* [SOURCE DATA]
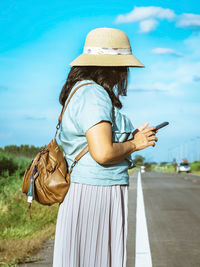 Midsection of woman holding smart phone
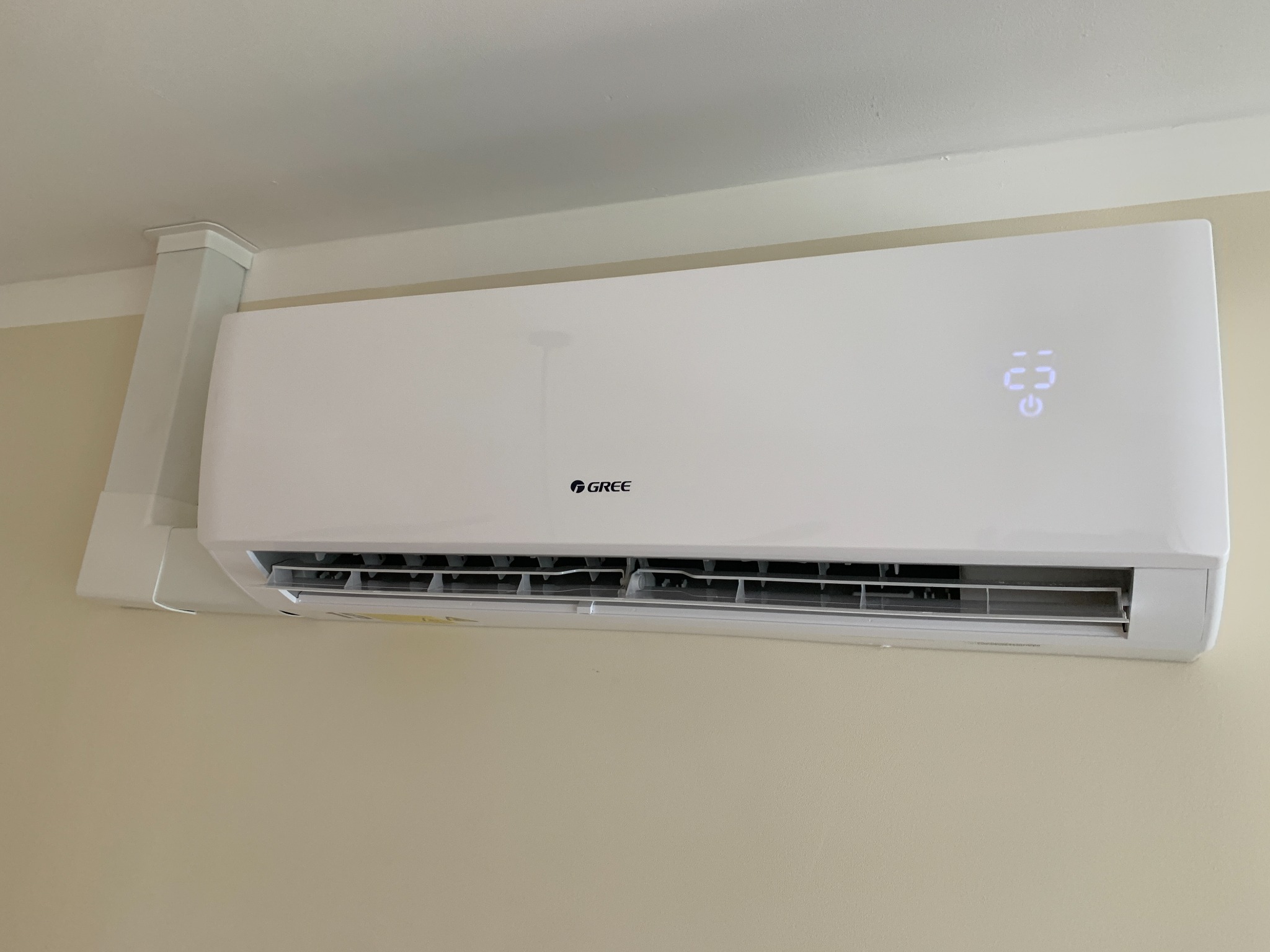 Biała klimatyzacja GREE Pular zamontowana na beżowej ścianie, widoczny wyświetlacz temperatury i kanał maskujący instalację.
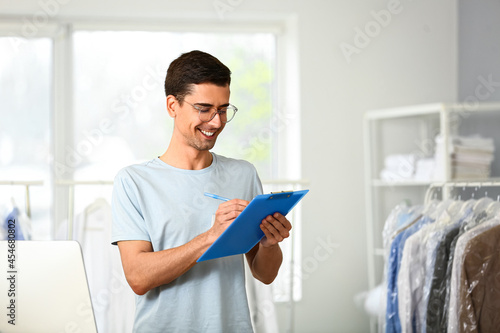 Male worker writing in clipboard at modern dry-cleaner's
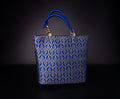 Brocade bag with tri-leaf print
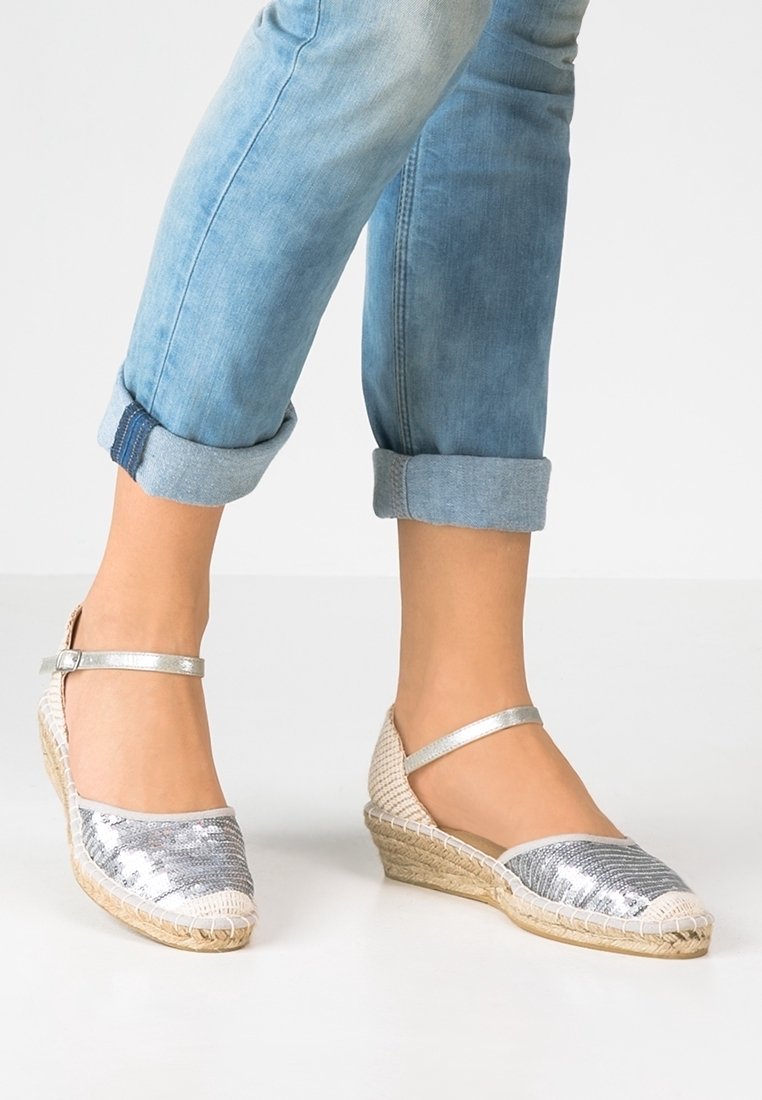 Espadrille compensée argentée à sequins avec semelle en jute, bout arrondi et bride de cheville ajustable. Pantalon en jean retroussé complétant la chaussure.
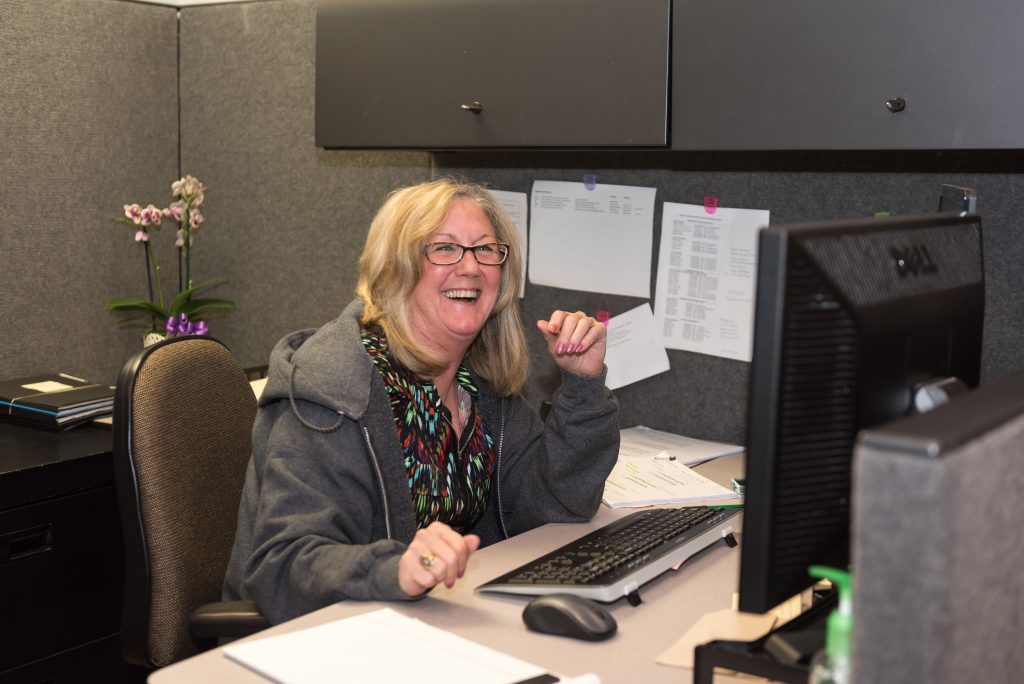 ACT employee at desk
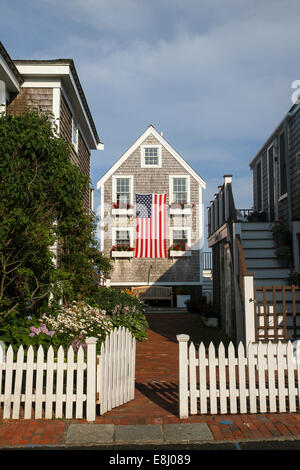 Une porte s'ouvre vers une jolie maison avec les boîtes à fleurs sur windows, drapé d'un grand drapeau américain. Provincetown, Cape Cod Banque D'Images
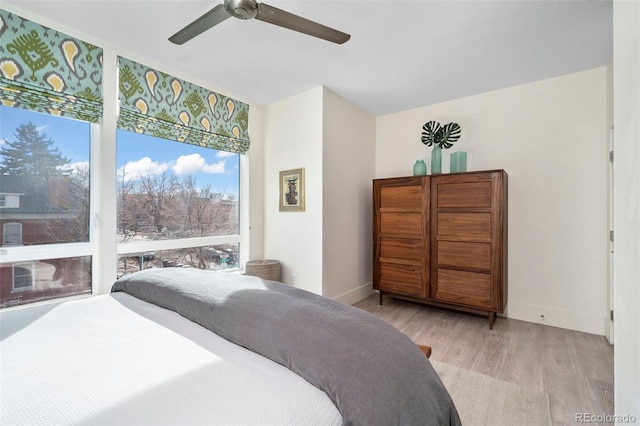 bedroom with ceiling fan and light wood-type flooring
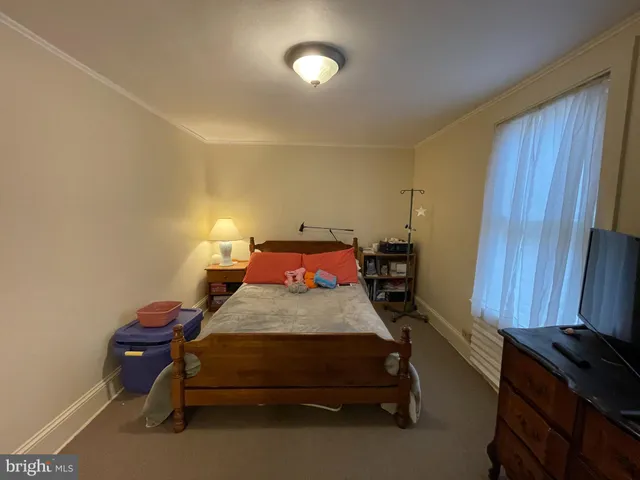 a bedroom with a bed and a lamp next to window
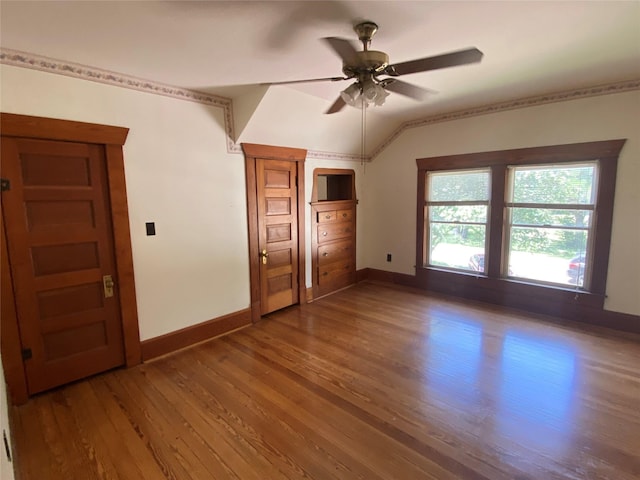 222 N 1st, Wallis, TX 77485 - unfurnished bedroom with wood finished floors, vaulted ceiling, and a ceiling fan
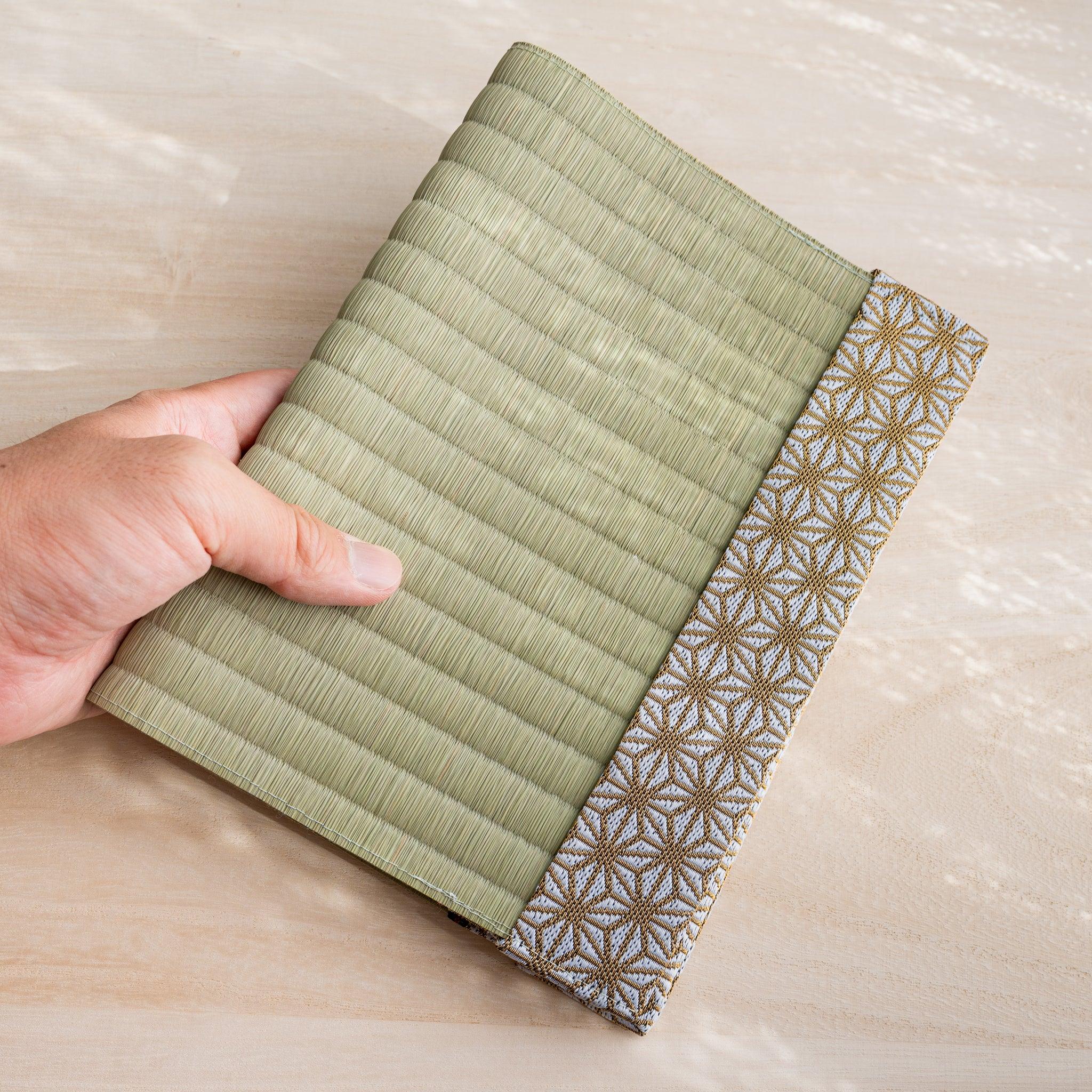 Hand holding closed tatami book cover, green rush straw front with gold and white Japanese hemp leaf fabric band
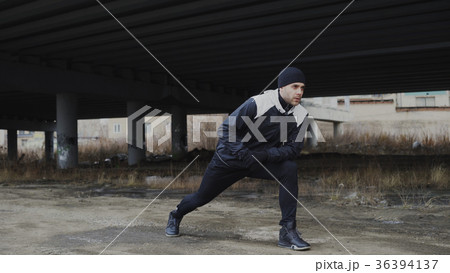 Attractive man runner doing stretching exercise 36394137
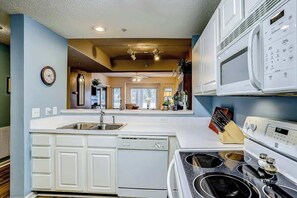 A kitchen with white cabinets, a dishwasher, a stove, and a microwave. - Tidewater 4214 Condo (North Myrtle Beach)
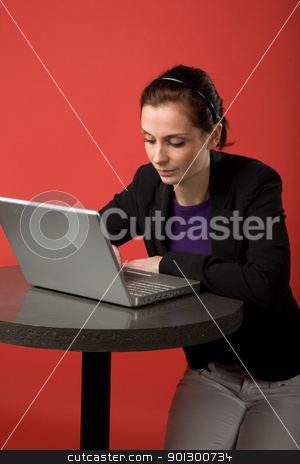 To use this stock image in your creative project, please select the size you need over to the right and click the "Add to Cart" button.
Your downloaded image will come with the Cutcaster watermark removed so don’t worry about the watermark you see on this page. Young Woman using Laptop stock photo, A young woman working on a latptop computer by Tyler Olson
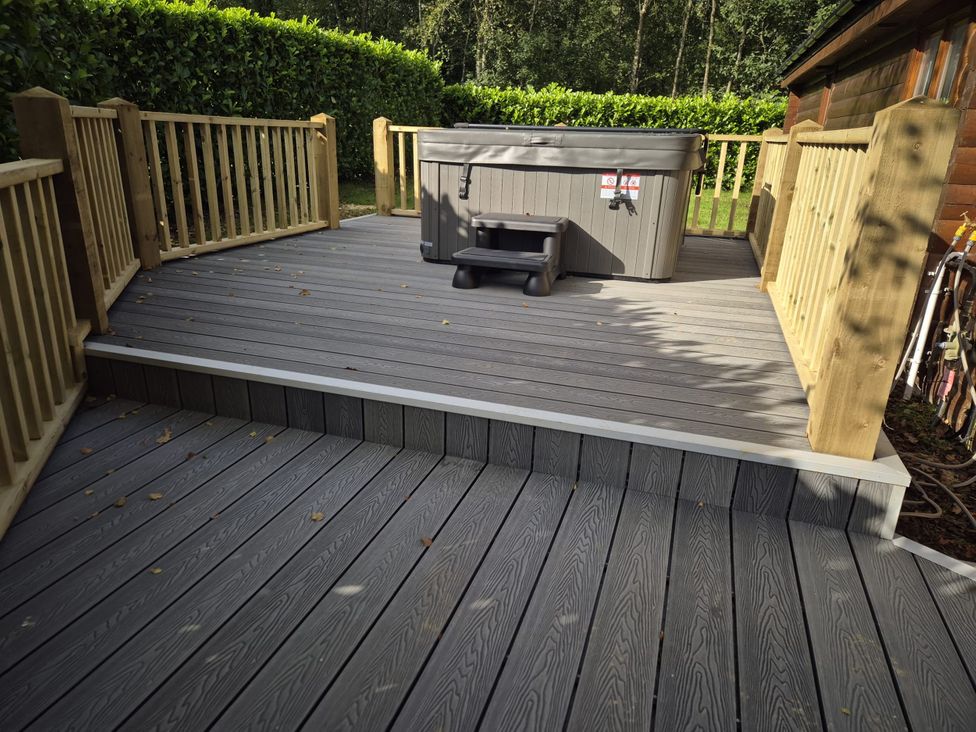 An outdoor deck with a hot tub and wooden railing at Willow in Dolton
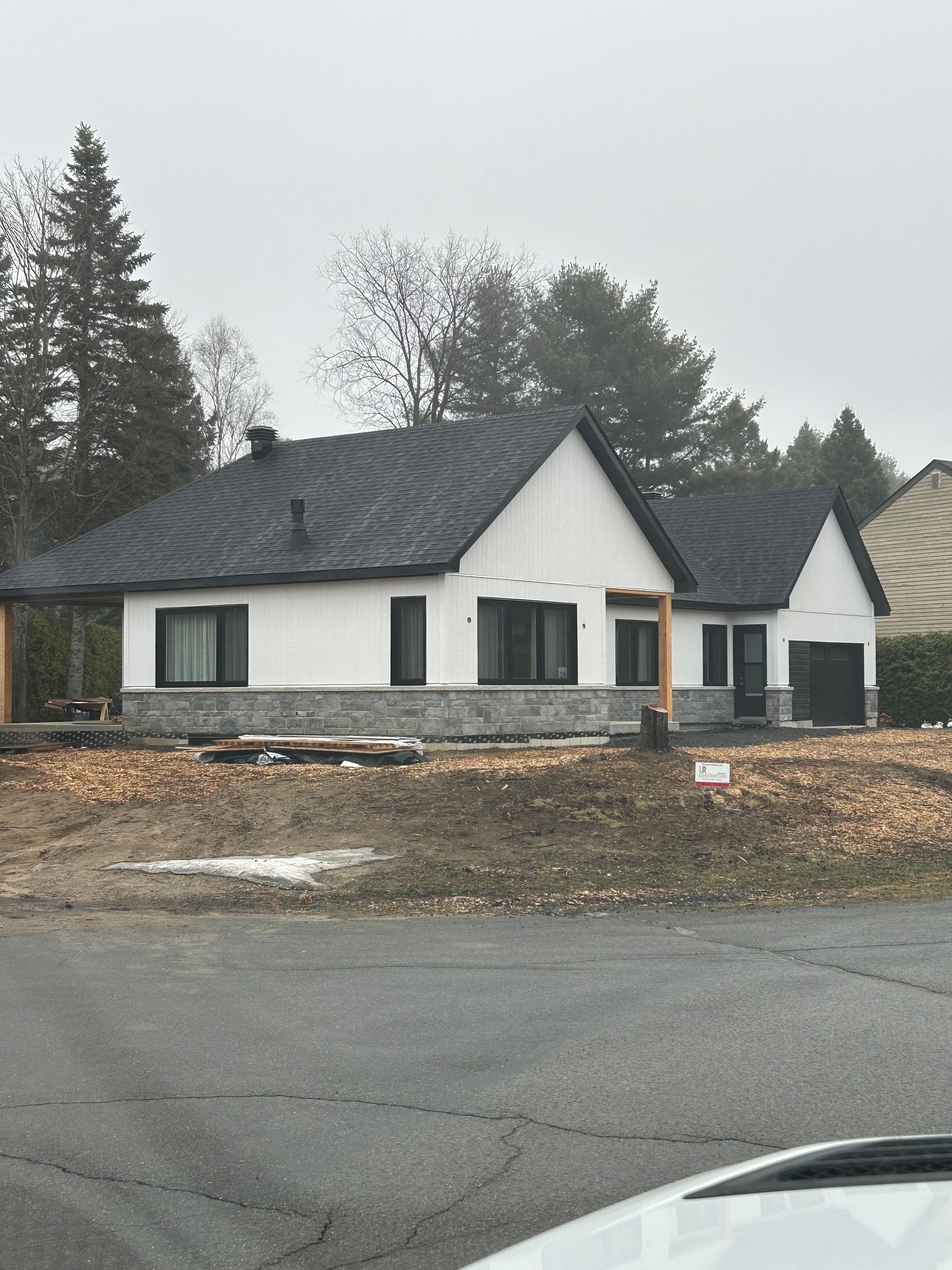 Un bungalow blanc au toit gris foncé se dresse par temps nuageux. Façade en pierre à sa base. Arbres en arrière-plan.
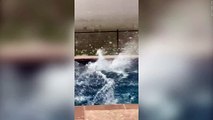 Large hail the size of BASEBALLS hits swimming pool in Texas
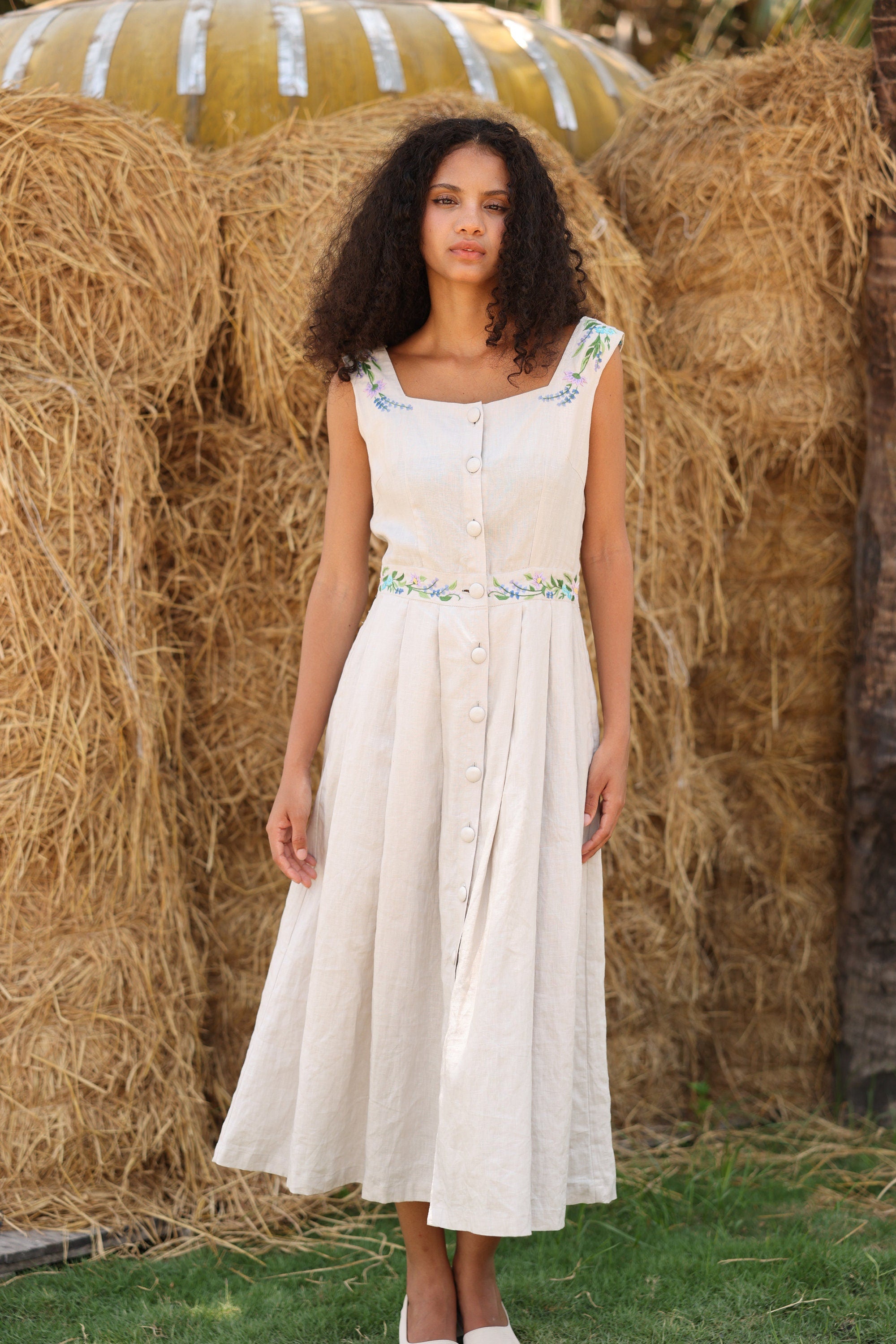Woman in a dress standing in front of hay bales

* [WHAT YOU WILL DO]
Every line from the one containing "Large hail the" through the last line of the records is to be reproduced exactly, with pictures left out and nothing else given.

* [TASK RESPONSE]
 Large hail the size of BASEBALLS hits swimming pool in Texas
Woman in a dress standing in front of hay bales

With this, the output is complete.